Политовский, нагнувшись над ящиком с инструментом бок о бок с Артемом, с трудом выговорил:

– А этого надо порешить. Понимаешь?

Артем вздрогнул. Политовский, скрипнув зубами, добавил:

– Иначе выхода нет. Стукнем, и регулятор в печку, рычаги в печку, паровоз на снижающий ход – и с паровоза долой.

И, будто скидывая тяжелый мешок с плеч, Артем сказал:

– Ладно.

Артем, нагнувшись к Брузжаку, рассказал помощнику о принятом решении.

Брузжак не скоро ответил. Каждый из них шел на очень большой риск. У всех оставались дома семьи. Особенно многосемейным был Политовский: у него дома осталось девять душ. Но каждый сознавал, что везти нельзя.

– Что ж, я согласен, – сказал Брузжак, – но кто ж его... – Он не договорил понятную для Артема фразу.
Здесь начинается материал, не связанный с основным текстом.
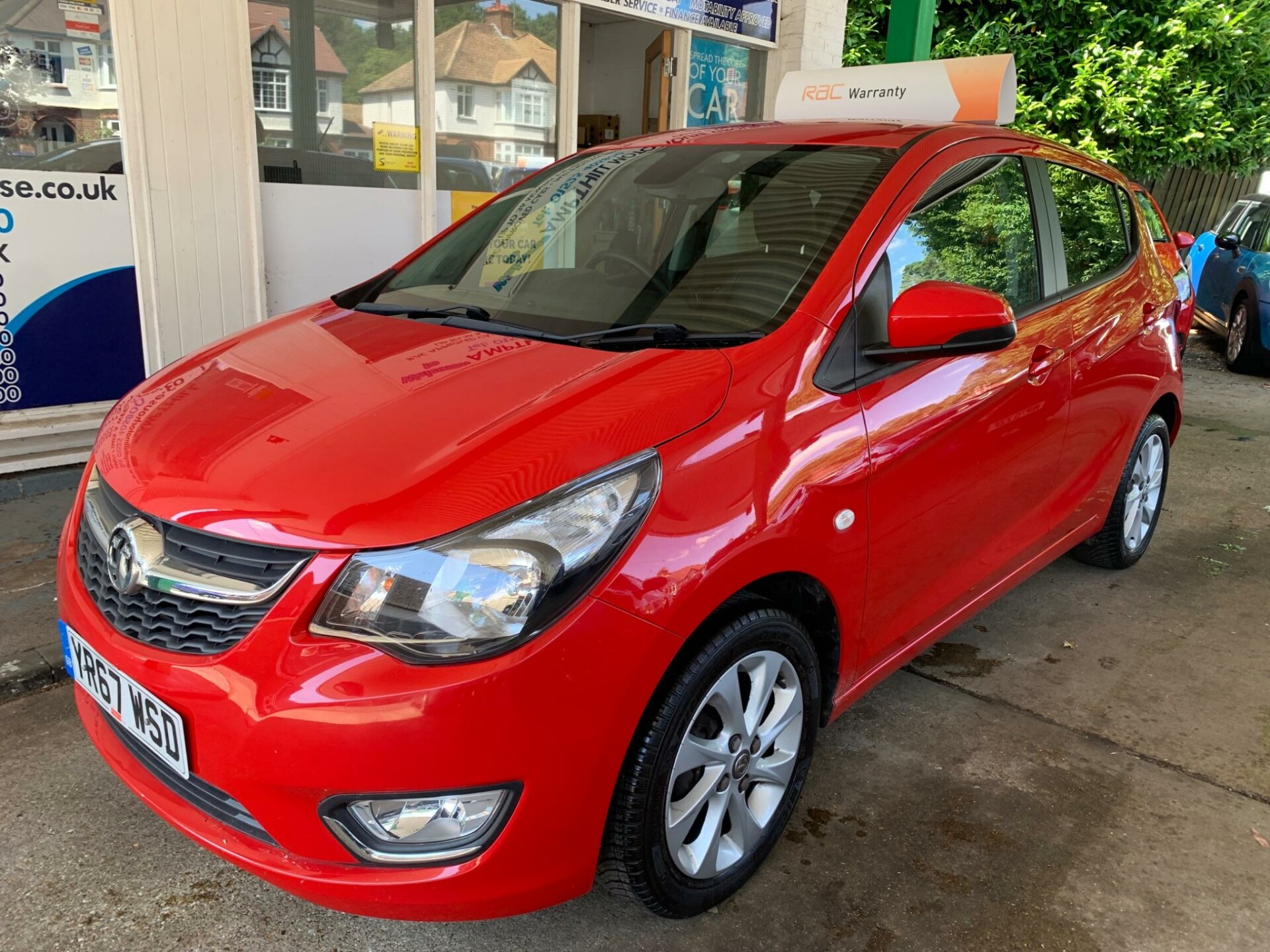 Vauxhall Viva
Артем повернулся к старику, возившемуся у регулятора, и кивнул головой, как бы говоря, что Брузжак тоже согласен с их мнением, но тут же, мучимый неразрешимым вопросом, подвинулся к Политовскому ближе:

– Но как же мы это сделаем? Тот посмотрел на Артема:

– Ты начинай. Ты самый крепкий. Ломом двинем его разок – и кончено. – Старик сильно волновался.

Артем нахмурился:

– У меня это не выйдет. Рука как-то не поднимается. Ведь солдат, если разобраться, не виноват. Его тоже из-под штыка погнали.

Политовский блеснул глазами:

– Не виноват, говоришь? Но мы тоже ведь не виноваты, что нас сюда загнали. Ведь карательный везем. Эти невиноватые расстреливать партизанов будут, а те что, виноваты?... Эх ты, сиромаха!.. Здоров, как медведь, а толку с тебя мало...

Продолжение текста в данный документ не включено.